Reevaluating the Rules

From a decision-making perspective, marketers generally ask two basic questions about patient engagement: 1) Have I been effective moving patients down the treatment funnel and 2) What do I need to do next in order to optimize patient outcomes? Rules-based approaches have generally been employed to shed insight on both questions. However, while this approach is easy to implement, it can also be misleading. Recent developments that allow connection of both online and offline data and claims data, along with new analytic techniques, affords more robust, accurate, and actionable data-driven insights.

Attribution Analytics, the ability to determine how effective each channel has been at moving patients down the treatment funnel, has historically relied on rules-based insights. Last Touch Attribution (LTA) is an easy-to-implement rule that gives full ROI-credit to the last channel interaction that a consumer has before purchasing a product. Nuances to this rule look at all touches proportionately and assign more ROI-credit to channels that occur closer to purchase. Either way, these rules-based approaches are approximate at best and misleading at worst.

In general, they downplay the importance of engaging the consumer early in the treatment cycle. But given the ability to connect both online and offline customer behavior with claims data, in an anonymized way, we can now employ statistical and data-science techniques that link the entire pattern of customer behavior with a consumer’s diagnosis and treatment history. Hidden Markov Modeling and Bagged Logistic regression are just two approaches that show promise in attributing the true value of each customer touchpoint on overall treatment behavior.

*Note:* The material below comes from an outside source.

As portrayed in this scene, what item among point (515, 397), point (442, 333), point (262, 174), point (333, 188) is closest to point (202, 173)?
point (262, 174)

Once you know what channels have worked in the past (Attribution Analytics), it’s time to think about what the NBA should be. Typically, the NBA has, again, been handled by “rules” (e.g., if a sales rep detailed an HCP, then 72-hours later send an email). But with the proliferation of channels to connect with a customer, the ability to generate meaningful rules has been challenged by the sheer number of combinations of tactics that could be implemented. And how would a marketer decide which “rule” is best to implement? Enter data-driven decisioning.

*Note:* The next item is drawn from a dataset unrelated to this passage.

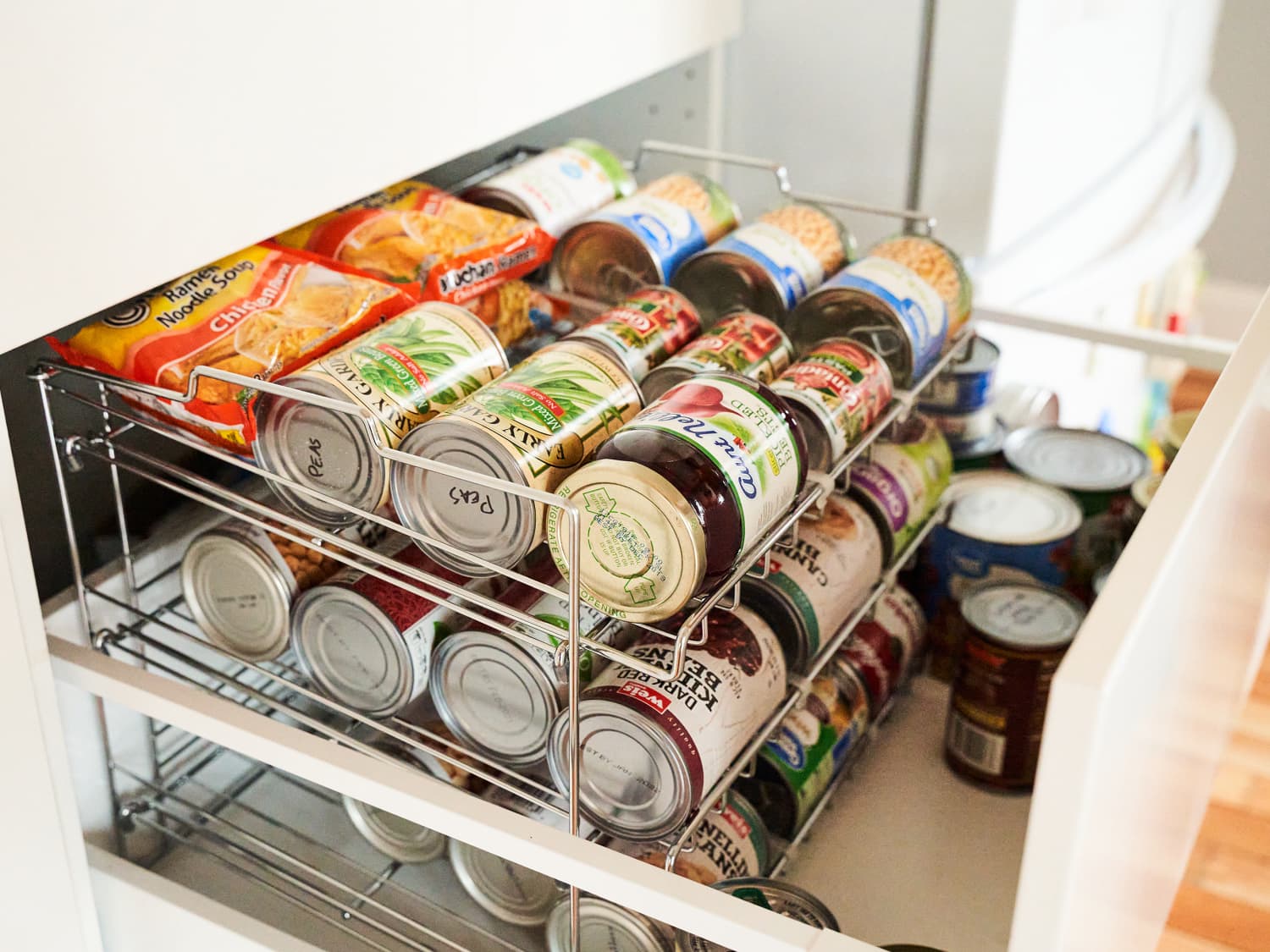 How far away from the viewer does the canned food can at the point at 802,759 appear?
3.30 feet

By looking at what has worked (Attribution Analytics), analyzing different sequences of tactics (Pathway Analytics), and connecting these engagement patterns with claims data, we are able to predict what the next most effective tactic or sequence of tactics would be. And if we continue to capture this data and iteratively refine our predictions, we can increase our ability to target the right content to the right consumer. Reinforcement Learning is a cutting-edge, machine learning technique that shows promise in being able to deliver real-time insights to the NBA challenge. But even if one doesn’t utilize Reinforcement Learning, other data-driven approaches can be brought to bear (Classification Analysis, Association Analysis) that help inform how to interact with your customer base in a more impactful way.

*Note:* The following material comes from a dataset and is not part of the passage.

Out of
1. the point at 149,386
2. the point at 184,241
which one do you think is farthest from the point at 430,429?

As marketers striving for better patient experiences, we should never get lost in technique and always stay true to the end goal:

  • Make it personal: Empathize with the patient’s needs and emotions and foster a sense of being “in this together.”
  • Anticipate moments of need: Eliminate surprises and provide transparency. Understand the key moments where patients are more likely to need support.
  • Meet the patient where they are: Provide support how and when they prefer to engage.
  • Activate the patient’s circles: Rally the patient’s support team and provide the resources needed to help the patient.
  • Knock down hurdles: “Hard-wire” solutions to ease difficult moments for patients and their support team.